China insists they're not building a Time Machine. A leaked PowerPoint presentation says otherwise
China's largest state-backed particle physics lab has refuted a document that claimed that the famous research institute is helping a private company to build a time machine. The Chinese Academy of Sciences' Institute of High Energy Physics has no connection to Ruitai Technology Development Technology, and the partnership is false propaganda, the lab said in a statement on Feb. 3.
A PowerPoint presentation about the odd project, allegedly pursued by Shanxi province-based Ruitai, has recently been circulating online. The research and development team was allegedly composed of experts at the IHEP. Ruitai also denied its involvement. Financing information platform Tourongjie mistakenly created the presentation and Ruitai has terminated its cooperation with the platform, Chongqing Morning News reported yesterday, citing Chairman Guo Weiwei.

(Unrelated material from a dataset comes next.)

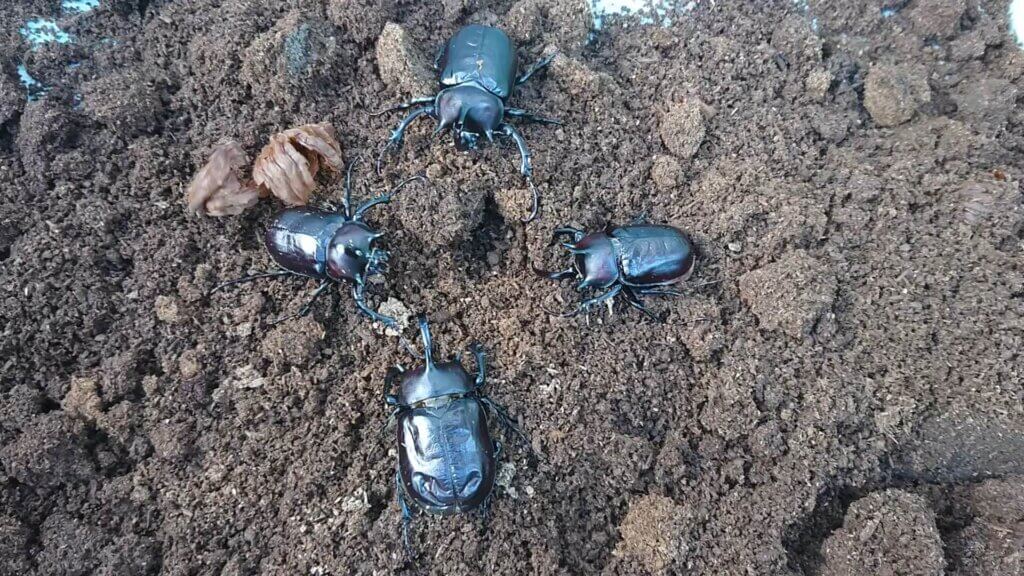 パチェコヒメゾウカブト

Ruitai was founded in late December while it has not been listed on corporate information platform Tianyancha. The mythical device that could prolong life by using Albert Einstein's theory of general relativity to distort space-time was supposed to have been blessed by Charles Kao, a Nobel Prize winner in Physics, as well as academicians Li Jing, Zhao Guangheng, and Niu Shuqiang.
According to the plan, Ruitai was intending to raise NY200 million (30.9 million USD) for the project that was "conservatively" valued at 838.2 billion USD. It was supposed to set up a scientific experimentation base on 16 acres of land in China and the first trip was deemed to take place as quickly as within seven months.